Employees are your first line of defense against cyberattacks. But sadly, they are also the weakest cybersecurity link and the single biggest security risk to your business. In the 2020 Cost of Insider Threats Global Report, the 204 participating organizations reported 4,716 insider-related incidents within 12 months. The report shows that most insider threats result from employee negligence, followed by malicious intent and credential theft.
As insider threats increasingly become more costly and devastating, many organizations are beginning to worry about internal risks. In a recent Wall Street Journal survey, 67 percent of employers expressed concerns over malicious employees. The question is, how do you protect your business from your own staff?
Provide regular cybersecurity training
Most insider incidents are caused by avoidable negligence and errors, such as risky password usage, falling for phishing advances, and downloading malicious email attachments. Train your employees extensively on cybersecurity best practices and the importance of observing security protocols. Doing so will instill threat awareness, account security, and cyber hygiene throughout the organization. Make security training part of the onboarding process and routine employee tune-up programs.
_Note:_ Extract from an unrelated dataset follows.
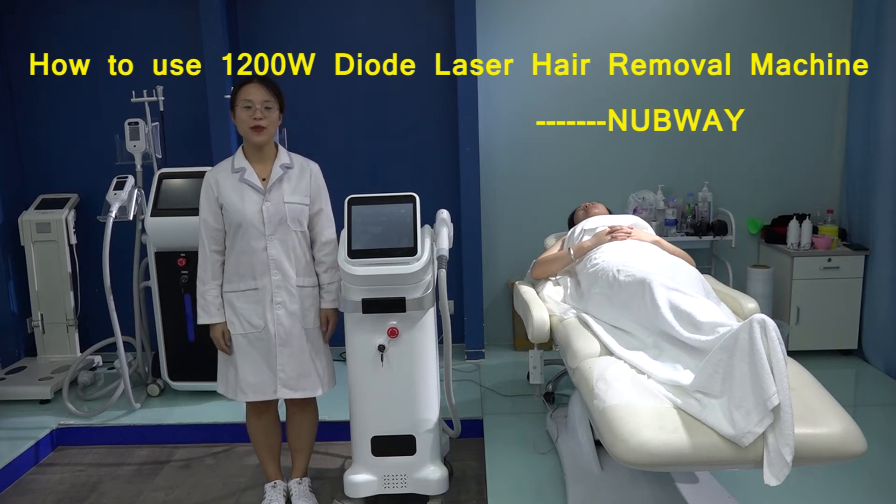Hello, welcome to Beijing Nagoy Science and Technology Company. We are a beauty equipment manufacturer.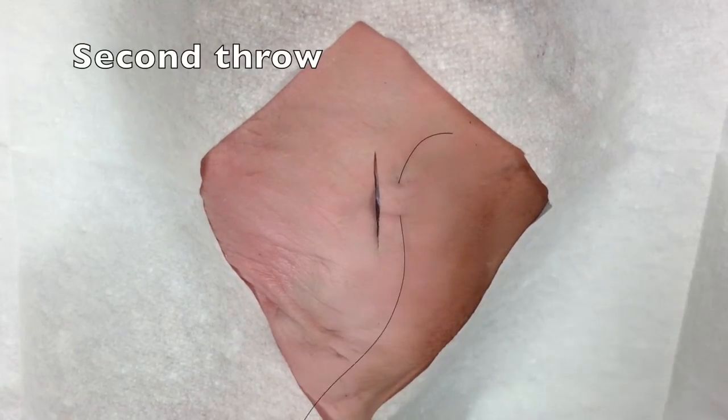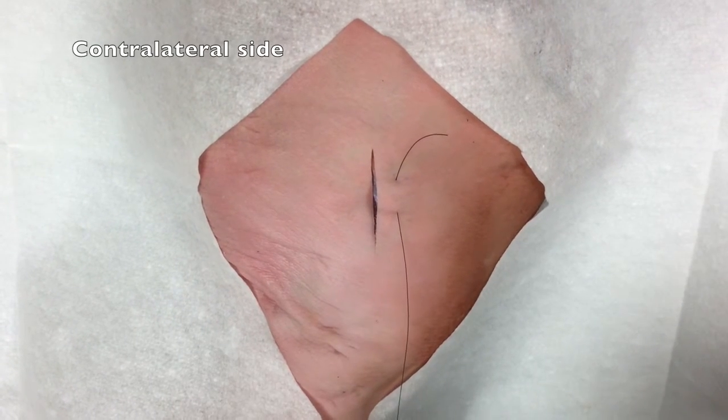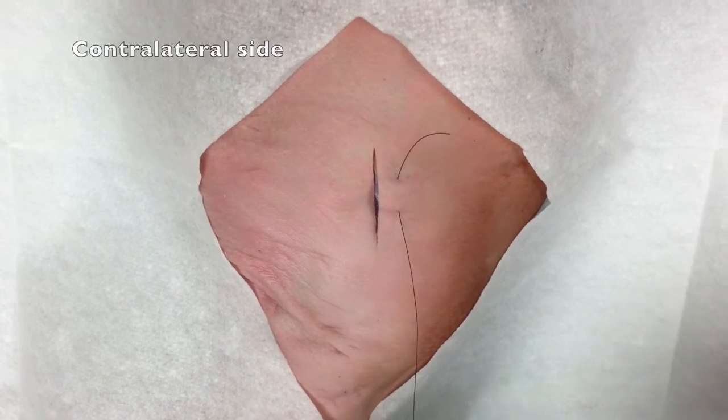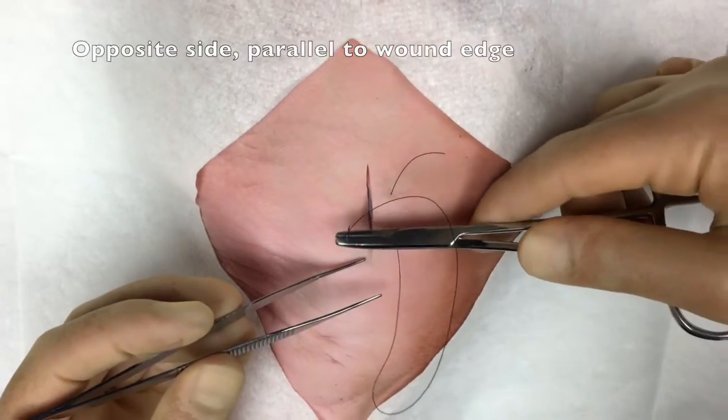The second throw will occur on the contralateral side of the wound, placing the suture through the epidermis equidistant from the exit point of the suture on the initial side of the wound.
Enforce strict security policies
Develop a detailed cybersecurity handbook citing all the security policies for your organization. Ensure that every employee understands the laid-out security procedures and rules they’re expected to observe. You can even turn the security policies document into an employee-company agreement to cultivate a strong cybersecurity commitment in your organization. Also, devise and outline fair penalties for breaking any of the protocols to encourage compliance and accountability. Strict security guidelines can go a long way in keeping all employees security-conscious.
Manage user accounts and privileges
Business account security is a major concern, especially when using the cloud or allowing a flexible work environment such as remote working and BYOD. Remember, compromised user accounts are the gateways to most data breaches.
Assign accounts and privileges according to the users’ security clearance, department, and responsibilities. Also, reduce the number of highly privileged admin accounts to only a few in order to maintain a hierarchical security access structure. Account management also involves purging old, orphan, and dormant accounts that rarely get used.
Monitor employees’ activities
Invest in both digital and physical surveillance systems to track employees’ activities on critical touchpoints. Cameras, motion sensors, and ID key trackers can monitor movements in highly restricted, sensitive areas such as server rooms and network control consoles. On a digital level, use tracking software to log and monitor user activity on cyber platforms such as cloud systems, corporate websites, and data hubs.
There are currently several AI-powered user behavior analytics tools that can quickly detect and report abnormal activities associated with misuse, sabotage, mischief, or theft in real time. Such solutions can root out malicious insider actors before they even strike.
Reinforce company-wide cybersecurity
Strengthen your cybersecurity posture to match the insider threat level in your company. Start by implementing strong network security measures such as end-to-end encryption, VPNs, and traffic screening, particularly when dealing with remote workers. Also, ensure every end-user device runs updated software and anti-malware applications. Install strict authentication systems such as MFA and single-login – simple, inexpensive, but effective ways to drastically boost account security.
Finally, don’t forget to maximize physical security around vital IT hardware and facilities. Remember that malicious employees may physically access the actual servers, data centers, and network infrastructure.
When building your company’s cybersecurity framework, keep in mind that most cyber incidents result from carelessness and malice from within. So, create a zero-trust, zero-tolerance security policy to mitigate insider threats. Focus your efforts on account security, physical security, company-wide threat awareness, and vigilance.